(Stored data entries)
┏━━
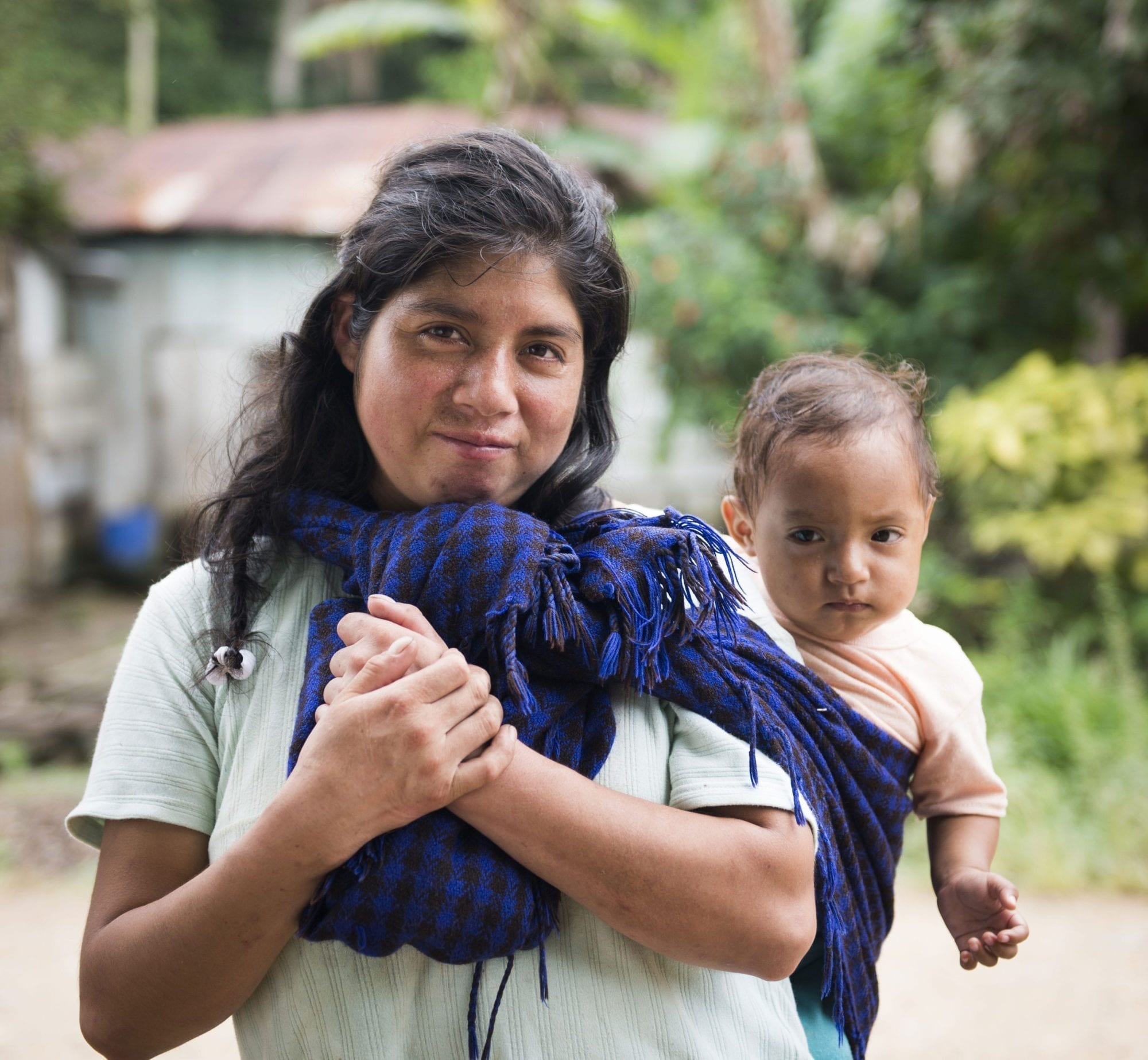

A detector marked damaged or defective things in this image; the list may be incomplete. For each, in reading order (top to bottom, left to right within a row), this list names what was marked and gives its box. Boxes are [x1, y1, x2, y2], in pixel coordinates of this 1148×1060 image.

rusty metal roof [36, 103, 661, 238]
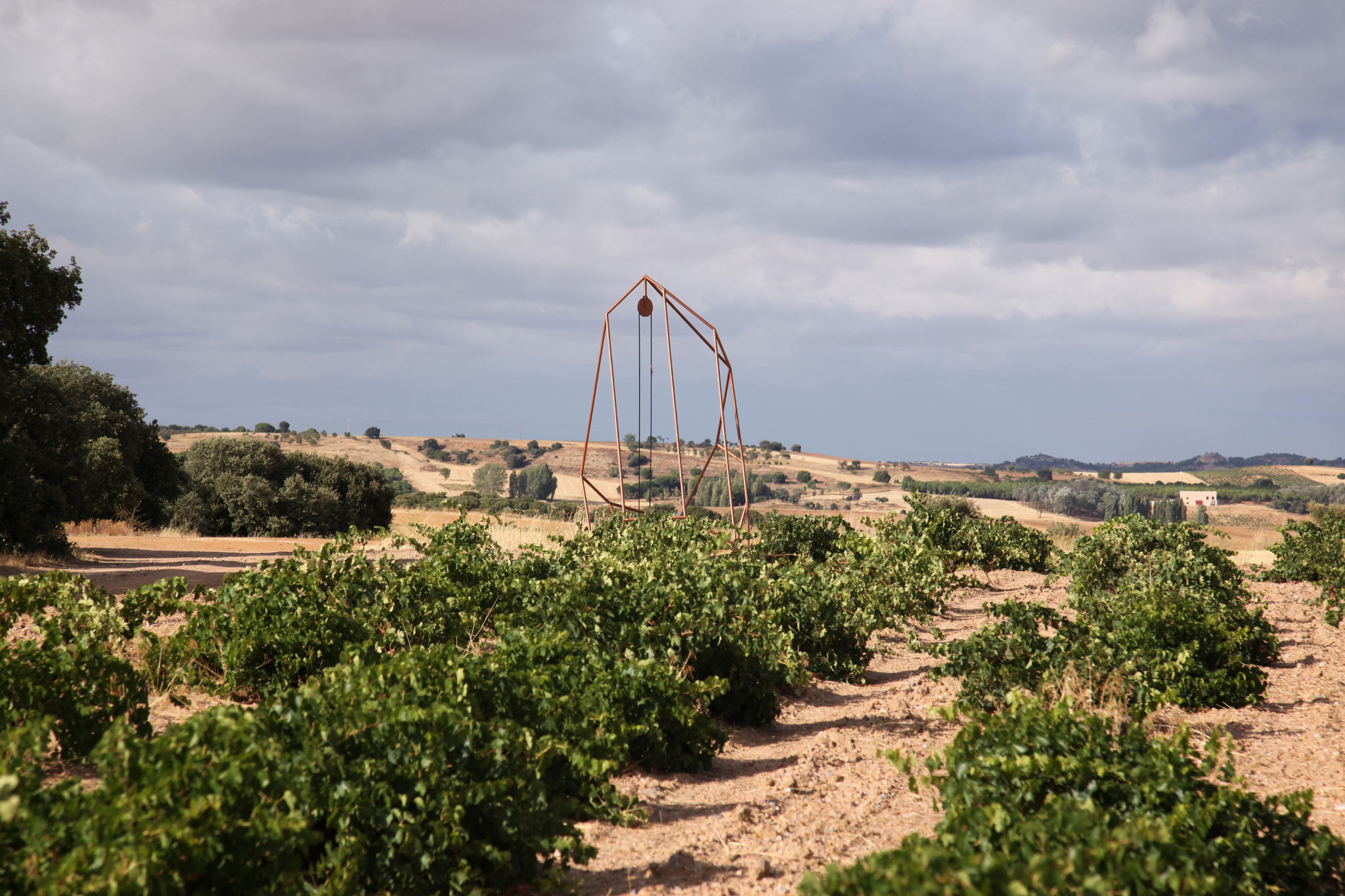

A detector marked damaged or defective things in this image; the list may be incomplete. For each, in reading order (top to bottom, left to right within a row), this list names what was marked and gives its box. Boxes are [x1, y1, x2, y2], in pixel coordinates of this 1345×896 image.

rusty metal sculpture [575, 277, 751, 530]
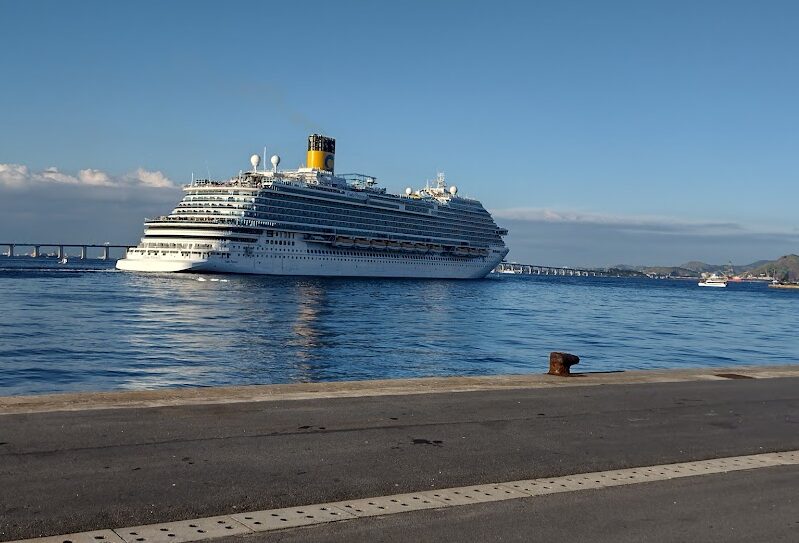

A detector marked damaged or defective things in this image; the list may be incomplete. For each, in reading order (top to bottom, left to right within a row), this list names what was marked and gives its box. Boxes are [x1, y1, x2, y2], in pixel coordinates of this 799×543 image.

rusty mooring bollard [552, 350, 580, 376]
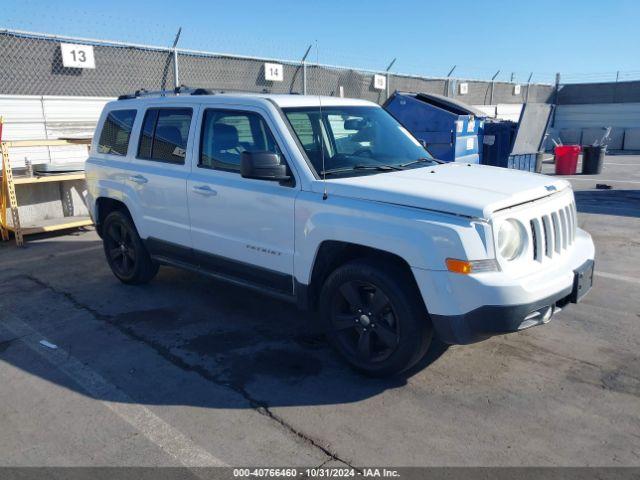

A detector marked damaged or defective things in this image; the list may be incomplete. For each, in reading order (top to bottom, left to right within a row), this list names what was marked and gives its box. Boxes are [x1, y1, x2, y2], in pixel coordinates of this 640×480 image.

crack in pavement [20, 274, 358, 468]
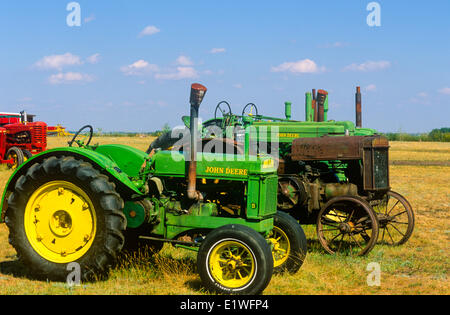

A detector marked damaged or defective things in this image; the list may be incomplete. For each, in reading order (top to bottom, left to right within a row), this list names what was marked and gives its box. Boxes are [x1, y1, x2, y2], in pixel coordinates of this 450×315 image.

rusty metal part [186, 83, 207, 202]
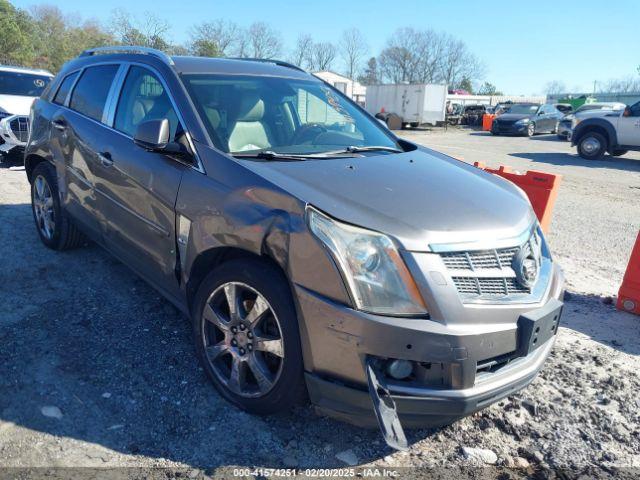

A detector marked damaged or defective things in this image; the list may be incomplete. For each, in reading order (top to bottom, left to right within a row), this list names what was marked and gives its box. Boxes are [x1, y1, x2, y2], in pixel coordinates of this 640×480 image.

damaged rear vehicle [25, 46, 564, 450]
damaged cadillac srx [26, 47, 564, 448]
detached bumper piece [364, 360, 410, 450]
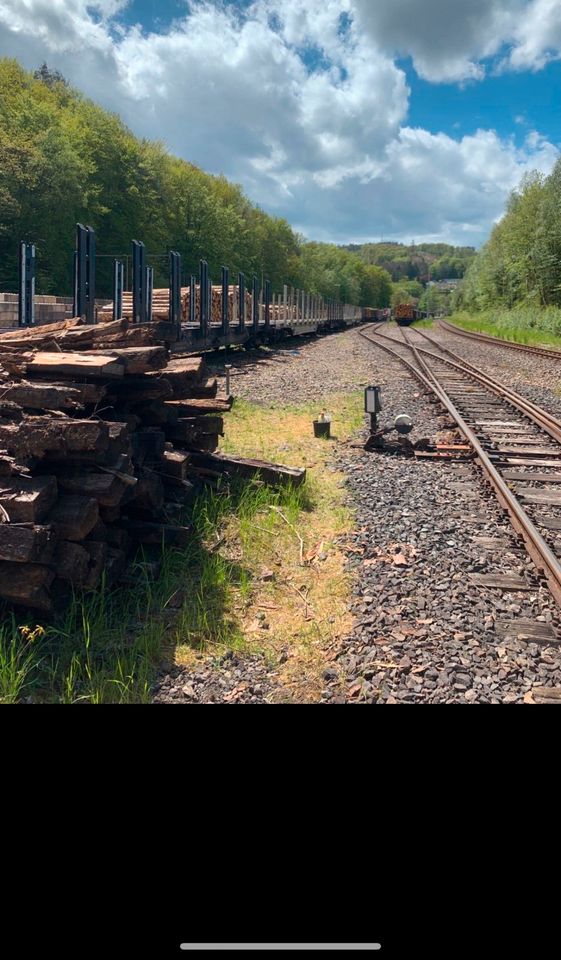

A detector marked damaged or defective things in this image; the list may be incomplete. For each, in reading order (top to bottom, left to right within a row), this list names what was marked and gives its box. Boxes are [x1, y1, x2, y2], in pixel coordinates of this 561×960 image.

splintered wood plank [27, 350, 123, 376]
splintered wood plank [466, 572, 532, 588]
splintered wood plank [494, 620, 556, 640]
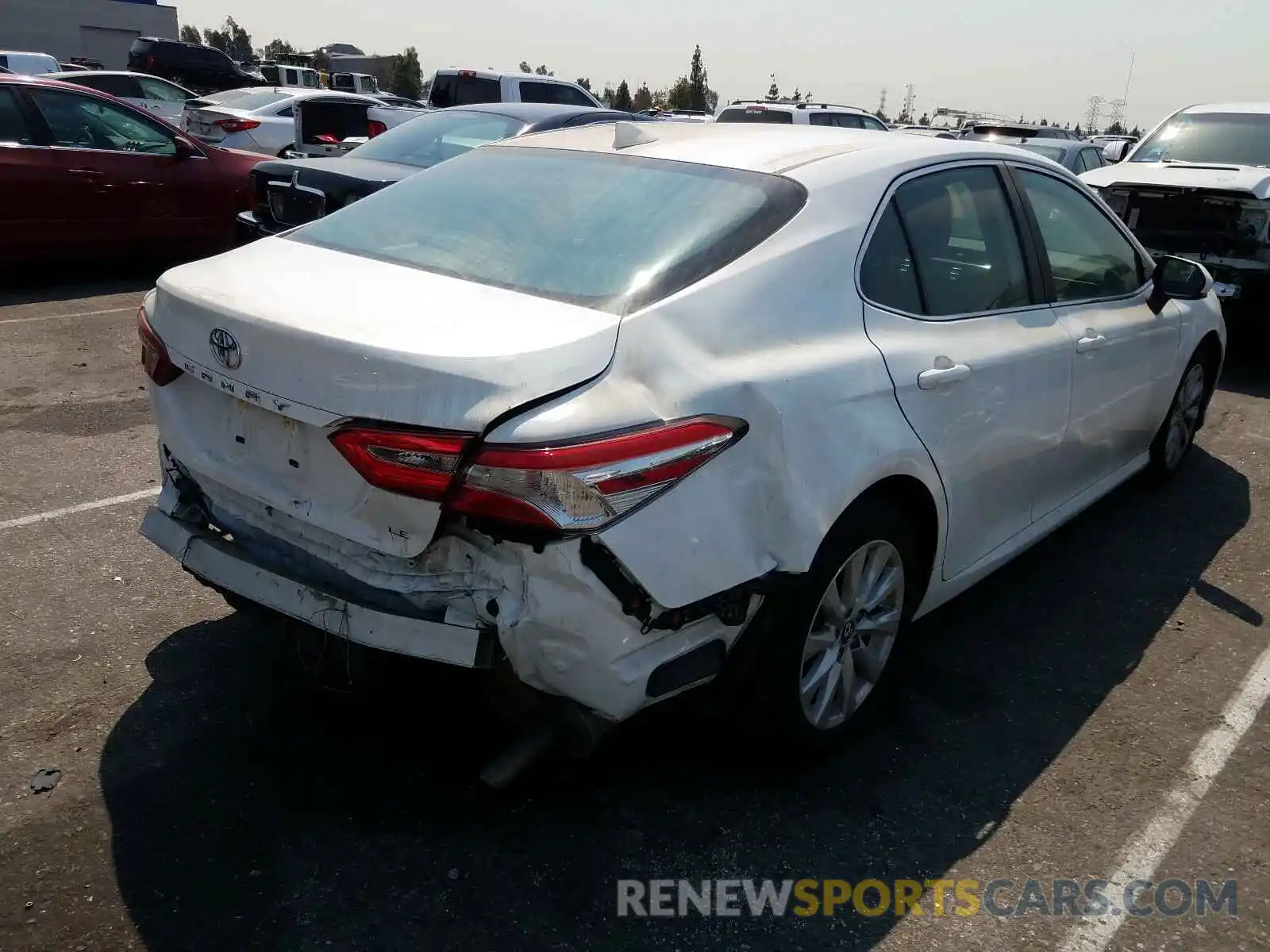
┗━━
EXERCISE OBJECTIVE
Exact text is required for the lines from the one with "this 450×315 image." through the last line of the entries, both included. Omit pictures.

YOUR SOLUTION
A detector marked damaged or defective things in this image; the list may be incomplete. For each, in reading order (top to bottom, left to right within a row), this list names what was marked and gives its box. Boxes are [x1, y1, x2, y2], in pixel coordinates of this 450×315 image.

rusty metal part [186, 83, 207, 202]

A detector marked damaged or defective things in this image; the list may be incomplete. For each, in reading order (top to bottom, left to right within a row), this list names what was marked and gives its box. Boxes are [x1, y1, x2, y2], in pixel coordinates of this 640×480 image.

damaged rear vehicle [25, 46, 564, 450]
damaged cadillac srx [26, 47, 564, 448]
detached bumper piece [364, 360, 410, 450]

A detector marked damaged or defective things in this image; the list may be incomplete. For each, in reading order (top to bottom, left to right within a row), this list names what was marked and gives its box. Boxes are [x1, y1, x2, y2], in pixel coordinates of this 561×960 image.

splintered wood plank [27, 350, 123, 376]
splintered wood plank [466, 572, 532, 588]
splintered wood plank [494, 620, 556, 640]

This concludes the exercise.